If this is the case, it's better he goes with 1100D with kit for about 19k and save the rest. If he gets interested in photography later, he can buy a new lens/better body etc... If he gets bored, he can sell his gear and go for compact. If he couldn't resist spending his whole budget , then he can get dual lens kit for 26k and with rest of the money, some accessories. May be even another lens.
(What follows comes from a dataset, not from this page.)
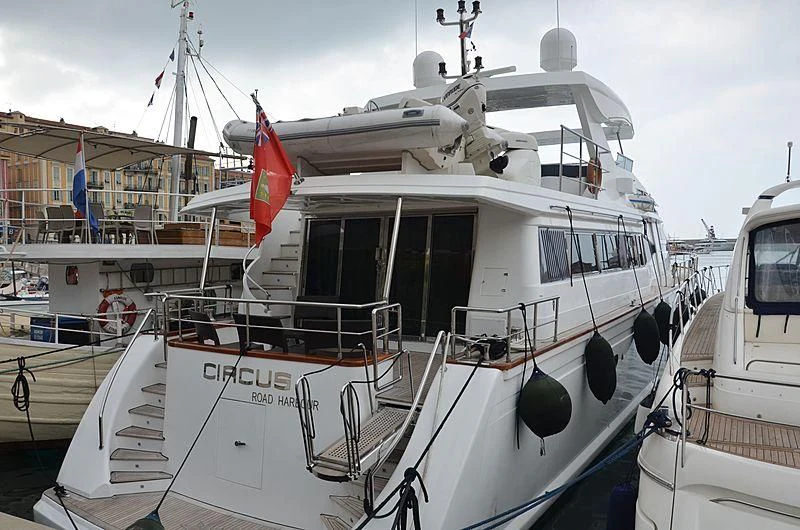 a boat docked at a pier aboard CIRCUS Yacht for Sale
That's his choice.


----------



## sujoyp (May 29, 2014)

If he is not a kind of person who always takes pics in parties, holidays, travelling then he may not be too much interested in photography ....or he maybe just another guy who fell for the quality DSLR produces but dont know the actual effort needed to take them 

Tell him to get Canon 1100D+twin lens kit for now....and let him explore the world ....if he gets too much interested in next one year he can just sell his 1100D body and get a advanced one


----------



## sunil.001 (May 29, 2014)

I've also read many reviews about Canon 1200D and none were positive.
My preference would be Nikon 5100 > Nikon D3200 > Canon 600D > Canon 1100D (Sorry Canon 1200D, you could not make it).

I would suggest your friend to go for Nikon 5100 without any additional lens and save. Explore your photography skills and decide whether you want to stick to DSLR. If your interest in photography does not fade away, go for the lens best suited for your kind of photography.


----------